#### EXERCISE PROMPT:
Line by line, give the data again exactly as it appears, but without pictures.

──────── GIVEN MATERIAL

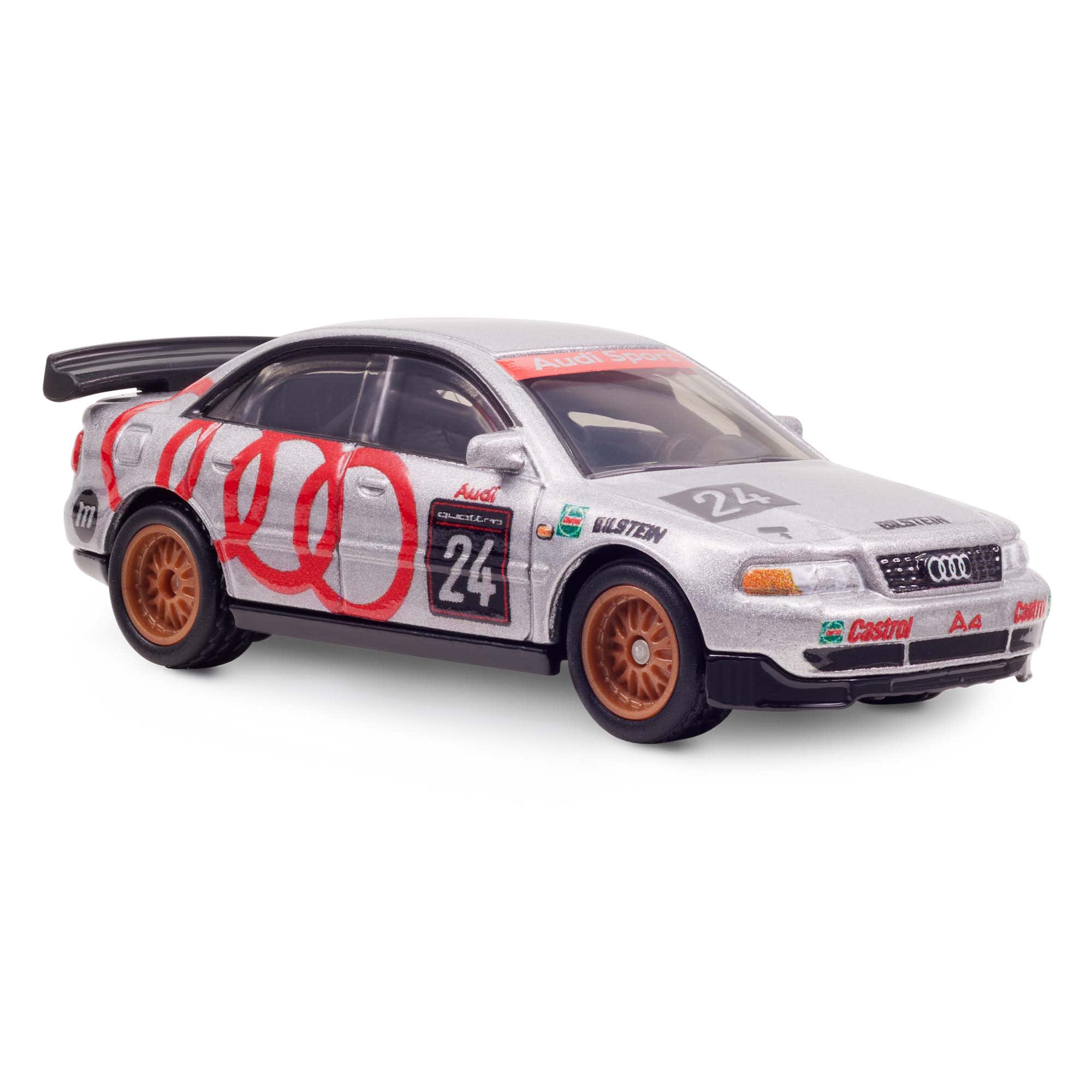 Mattel Creations Matchbox 1996 Audi A4 Super Touring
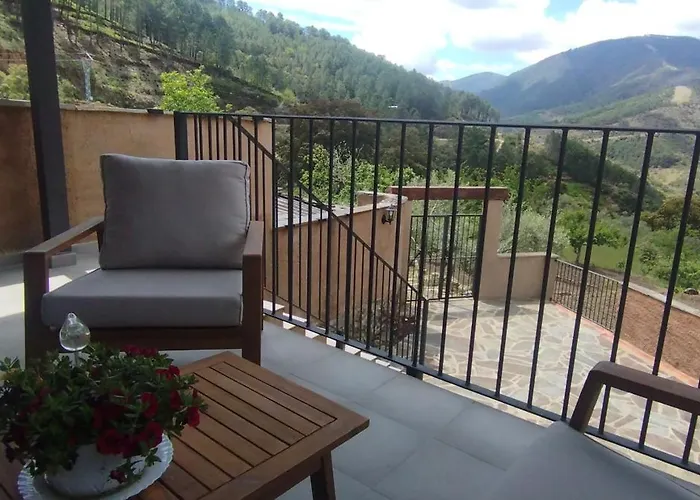 Casa Esperabán Pinofranqueado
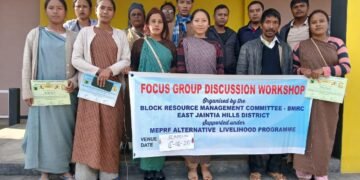 EJH villagers trained in economic alternatives to coal mining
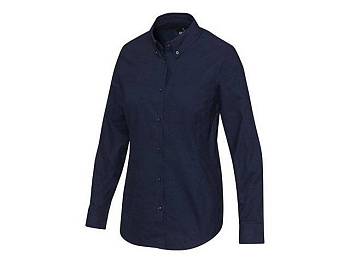 Sphene женская рубашка оксфорд - Navy Blue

────────────────

#### EXERCISE RESPONSE:
 Mattel Creations Matchbox 1996 Audi A4 Super Touring
 Casa Esperabán Pinofranqueado
 EJH villagers trained in economic alternatives to coal mining
 Sphene женская рубашка оксфорд - Navy Blue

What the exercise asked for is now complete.